El tren estaba arrancando. Saltaron a su vagón.
Entonces, los ingleses, quitándose sus gorras de viaje, las agita-ron, gritando tres veces seguidas:
-¡Hip, hip, hip, hurrah!
Luego, gravemente, estrecharon uno tras otro la mano derecha del señor Dubuis, y volvieron a sentarse en su rincón.

1.042. Maupassant (Guy de) - 053




[1] Los alemanes se retiraron de París el 2 de marzo de 1871, tras ratifi­car la Asamblea los acuerdos de paz.
[2] La guerra franco-prusiana concluyó con la pérdida francesa de Alsacia y Lorena, que fueron cedidas a la Alemania recién unificada por Bismarck.
[3] París fue asediada por los prusianos desde septiembre de 1870. En enero del 71 el hambre asoló la ciudad y los alimentos tuvieron que ser racionados.
[4] Austria había sido derrotada por Prusia en Sadowa, en 1866, fecha que marca el inicio del expansionismo prusiano.

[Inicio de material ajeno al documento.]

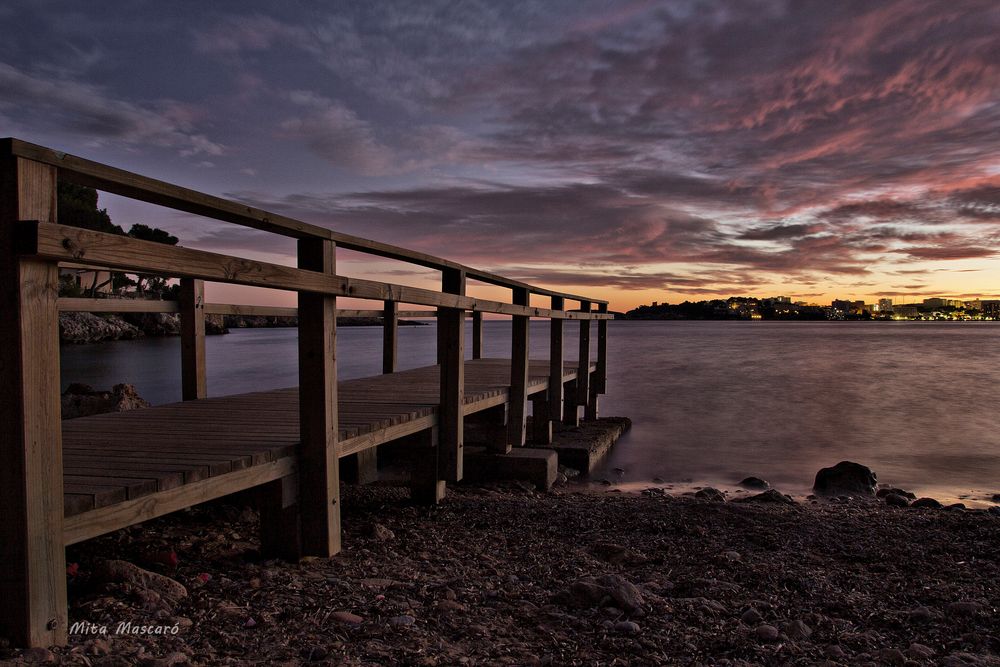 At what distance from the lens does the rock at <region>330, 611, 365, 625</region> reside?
2637 millimetres

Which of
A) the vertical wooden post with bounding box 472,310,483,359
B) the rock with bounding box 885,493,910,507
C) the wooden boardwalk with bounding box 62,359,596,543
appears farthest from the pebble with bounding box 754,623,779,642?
the vertical wooden post with bounding box 472,310,483,359

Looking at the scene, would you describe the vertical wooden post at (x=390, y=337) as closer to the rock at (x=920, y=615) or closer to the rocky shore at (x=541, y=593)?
the rocky shore at (x=541, y=593)

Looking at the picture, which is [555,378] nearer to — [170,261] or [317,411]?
[317,411]

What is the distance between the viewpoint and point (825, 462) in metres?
10.7

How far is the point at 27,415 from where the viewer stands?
1934 millimetres

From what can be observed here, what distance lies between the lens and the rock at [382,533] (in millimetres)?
3974

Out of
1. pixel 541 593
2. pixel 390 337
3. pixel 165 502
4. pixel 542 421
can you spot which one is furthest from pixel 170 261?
pixel 542 421

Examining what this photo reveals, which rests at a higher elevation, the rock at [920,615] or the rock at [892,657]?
the rock at [892,657]

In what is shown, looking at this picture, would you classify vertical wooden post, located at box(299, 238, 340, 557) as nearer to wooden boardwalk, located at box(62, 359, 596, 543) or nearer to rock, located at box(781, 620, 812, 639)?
wooden boardwalk, located at box(62, 359, 596, 543)

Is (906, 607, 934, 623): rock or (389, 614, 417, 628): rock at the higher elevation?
(389, 614, 417, 628): rock

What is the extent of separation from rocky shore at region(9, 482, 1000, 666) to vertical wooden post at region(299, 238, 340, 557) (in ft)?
0.60

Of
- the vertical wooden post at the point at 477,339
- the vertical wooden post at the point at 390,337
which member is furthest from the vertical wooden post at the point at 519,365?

[5] Estadista prusiano, Otto von Bismanck (1815-1898) fue conocido como «el canciller de hierro». Fue el impulsor de la dominación prusiana y el artífice de la unidad alemana, consolidada en 1871.
[6] Respiración frecuente y fatigosa propia de la agonía o el coma.
[7] Tras la derrota francesa, la ciudad alsaciana de Estrasburgo pertene­cía a Alemania.